While this model has demonstrated promise in more unique models, there are still small details being ironed out in its methods. For example, the cells that are created are not guaranteed to end up in neuronal form. Some become differentiated into glia, neighboring cells in the brain that service neurons, while others remain in the progenitor, or early stage, form. But, while the model is not entirely perfect, this “autism in a dish” is a giant leap away from simple mouse models or other organisms, especially since a large component of ASD is social. Through this, researchers have studied the morphology and wiring of neurons with developmental disorder phenotypes. Some have found smaller cell bodies, others found reduced number of neuronal spines. Although the details of these results have not been fully understood, the changes in cell structure are leaps towards better understanding the mechanism behind a diverse disorder like ASD.
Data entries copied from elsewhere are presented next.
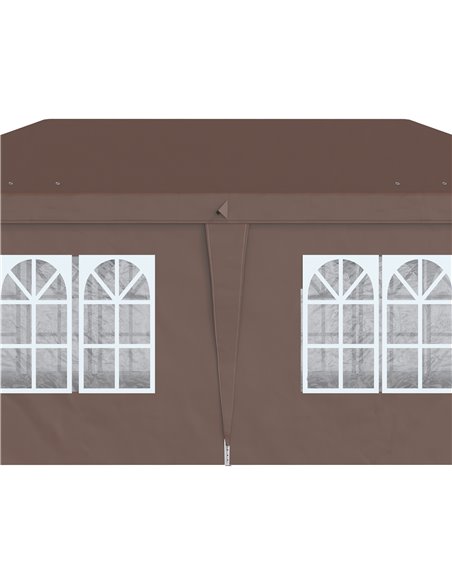 Outsunny 3x6m Pop Up Gazebo with Sides, Windows, Storage Bag, Brown - pic 19724 | FastDaddyshop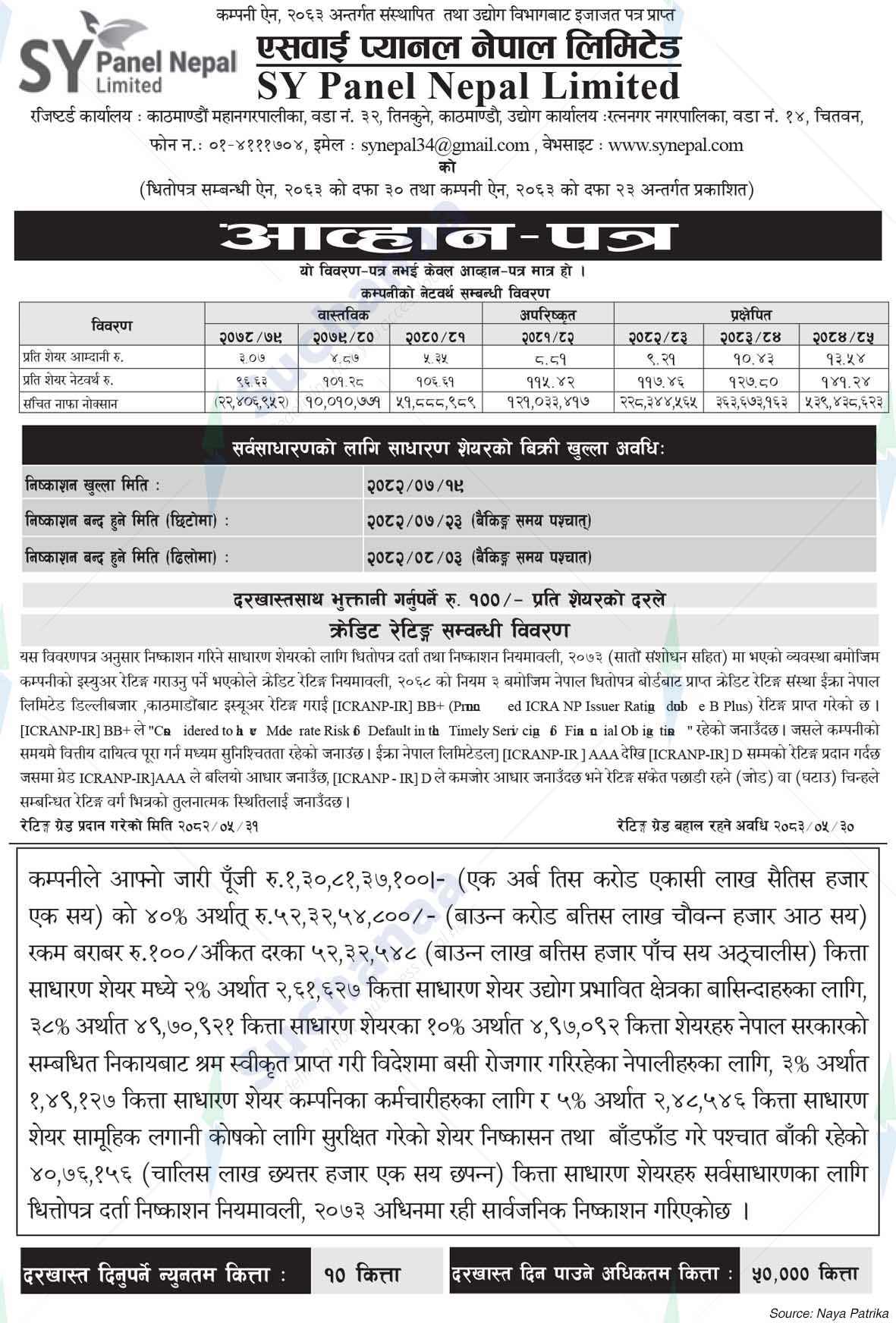 SY Panel Nepal Limited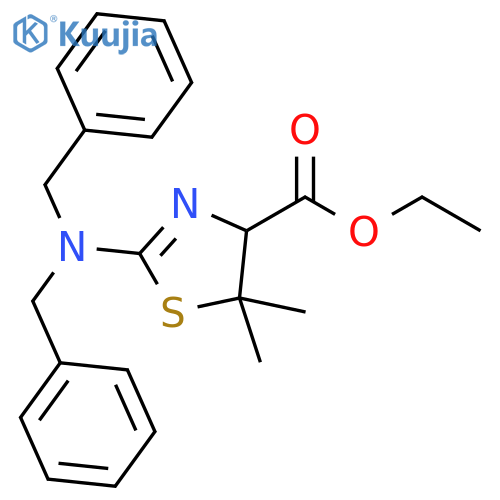 4-Thiazolecarboxylic acid, 2-[bis(phenylmethyl)amino]-4,5-dihydro-5,5-dimethyl-, ethyl ester structure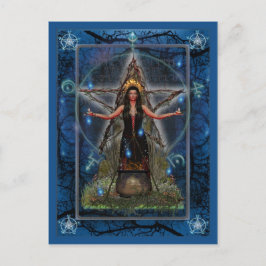 Pagan vykort - ~ Water för Spellweaver häxa'blått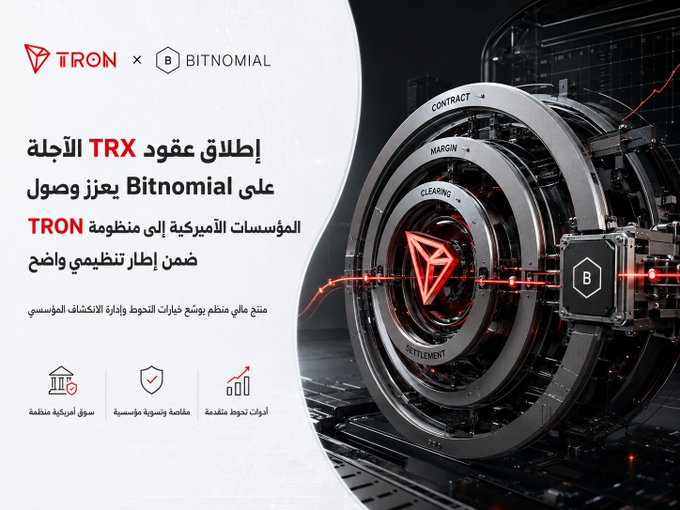 The image is a promotional graphic announcing the launch of TRX futures contracts on the Bitnomial platform, featuring the TRON and Bitnomial logos alongside a metallic vault graphic labeled with "Contract," "Margin," "Clearing," and "Settlement," with Arabic text highlighting the partnership's role in expanding TRON's institutional reach within a regulated U.S. clearinghouse framework.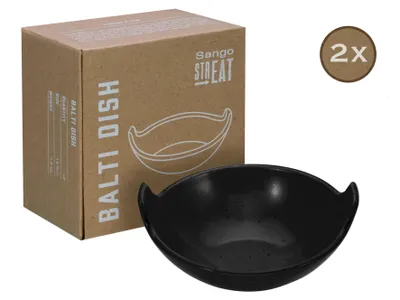 Produktbild von CreaTable, 33965, Street Food Schwarz, Balti Dish für indische Curry Gerichte 2-tlg, Steinzeug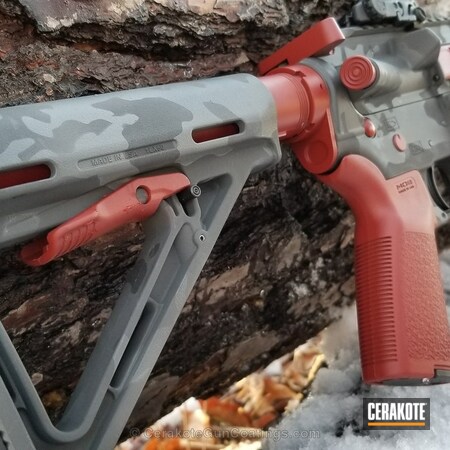 Powder Coating: Crimson H-221,Smoke E-120,Concrete E-160G,MultiCam,Tactical Rifle,AR-15,Concrete E-160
And, as more of the pathophysiology is uncovered, more personalized therapy options can be developed to better streamline treatments [5]. In fact, this method of modelling neurological disorders have been so effective that it has expanded to include disorders such as Williams Syndrome, resulting from a chromosomal deletion, and Rett’s Syndrome, a disorder linked to the X chromosome [6]. A total of nine billion dollars is spent every year on treating ASD. By capturing the nuances of each case, researchers will be able to utilize those resources more efficiently through personalized medicine. These findings are worth much more than a crisp dollar bill underneath the pillow.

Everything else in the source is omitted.